So what exactly qualifies one to be a “deep woman”? Well it’s exactly the kind of characteristics that you would expect. It’s also the kind of generically pragmatic qualities anyone seeking a genuine connection would want. The list includes emphasis on things such as honesty, intimacy and knowing what you want. The more surprising, maybe even frightening one was intensity. Its placement after “craving consistency” also makes it even more problematic. The consistency aspect implies a sense of level-headedness such as desiring stability and a “solid bond” that goes beyond mind games, casual meetings and erratic behaviour. Instead of wasting time hoping for that flaky guy to come around or pursuing men who aren’t too interested, a “deep”woman will make it clear that she is looking for something substantial. The level-headed connotation is then immediately distinguished in the next point. This bullet point comes with a disclaimer warning so that’s pretty much a red flag. Apparently deep women are also super intense in both thought and emotion. Passion is great and often uplifting but I’m not so sure I get a sense of emotional stability from someone who “brings intensity to everything she does”. I prefer intensity to be in smaller doses, when it’s an appropriate time and place. There’s a fine line between intensity and straight up crazy. We women really don’t need to provide reasons to affirm this idea that we’re all just irrational, PMSing basket cases. There are men out there who genuinely believe that women are inherently unfit to be in positions of power because apparently we’re governed by emotions instead of logic. Unfortunately for those men, women have vast and varying capabilities and having a vagina doesn’t mean that we are automatically less qualified than our penis-having counterparts.
Deep women also like to ask “deep questions”, know how to “love deeply” and want a “deep relationship”. It seems like deep women also like repetition. While none of these qualities are bad per se (except maybe the intensity part) or even particularly female orientated, it’s the entire premise of this piece that irks me. Blaming failed relationships or shitty dating experiences on being too deep is counterproductive to finding the specifics of what actually went wrong. I don’t think that this article is too intent on defining the meaning of depth and subsequently exploring it. One of its insights insinuates that you should bombard your date with personal questions and to be honest, I don’t think that it’s particularly necessary to probe someone in order to make a connection. It comes across as manipulative, as if you have to mould your significant other to fit this conceptualisation of wild, infinite fantasies and philosophical journeys that you can take together. Anyone unfit to these imaginings are just too shallow to meet the potentially narcissistic standards that are imposed. The ironic part is that I find this entire list to be shallow. The depth that is so often proposed isn’t very fluid or allows for any expansion outside of the confines of its set characteristics. Do you have to always know what you want, be unafraid of intimacy and be blunt to be deep? The article doesn’t address the complex and fluctuating nature of relationships and life itself.
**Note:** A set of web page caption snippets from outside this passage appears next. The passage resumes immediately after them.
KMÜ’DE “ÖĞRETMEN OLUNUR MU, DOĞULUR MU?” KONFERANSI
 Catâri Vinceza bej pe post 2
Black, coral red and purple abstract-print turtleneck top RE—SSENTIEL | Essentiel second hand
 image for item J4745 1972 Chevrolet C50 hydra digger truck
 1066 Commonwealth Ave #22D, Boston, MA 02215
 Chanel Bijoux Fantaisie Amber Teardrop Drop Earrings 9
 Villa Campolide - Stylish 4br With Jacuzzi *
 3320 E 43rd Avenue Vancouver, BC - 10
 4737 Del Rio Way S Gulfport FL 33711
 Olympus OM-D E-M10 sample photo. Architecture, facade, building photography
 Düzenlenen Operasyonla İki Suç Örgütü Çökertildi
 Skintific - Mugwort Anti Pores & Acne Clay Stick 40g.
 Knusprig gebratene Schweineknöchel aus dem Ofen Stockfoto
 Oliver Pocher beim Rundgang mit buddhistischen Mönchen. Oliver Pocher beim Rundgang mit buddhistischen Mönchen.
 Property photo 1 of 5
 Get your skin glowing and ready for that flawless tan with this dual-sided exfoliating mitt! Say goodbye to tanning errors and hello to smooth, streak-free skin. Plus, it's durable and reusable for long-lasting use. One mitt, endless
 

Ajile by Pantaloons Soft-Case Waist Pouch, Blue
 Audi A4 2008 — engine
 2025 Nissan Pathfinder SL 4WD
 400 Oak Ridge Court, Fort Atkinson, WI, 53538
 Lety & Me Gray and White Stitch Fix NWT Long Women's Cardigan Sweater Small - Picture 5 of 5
So basically I think that being “too deep”is a cop-out and a bit too abstract to be condensed into a list like this. We live in the age of information and the more you attempt to dig deeper into the bottomless pit of knowledge and opinion, the more you realise how limited your worldview is. The more you learn, the more you realise how little you know. Remember this: everyone you meet knows something that you don’t (not sure if this is from Bill Nye or Carl Jung). Maybe it’s better to figure out what you can extract from someone or some experience before you decide they’re below your level of depth.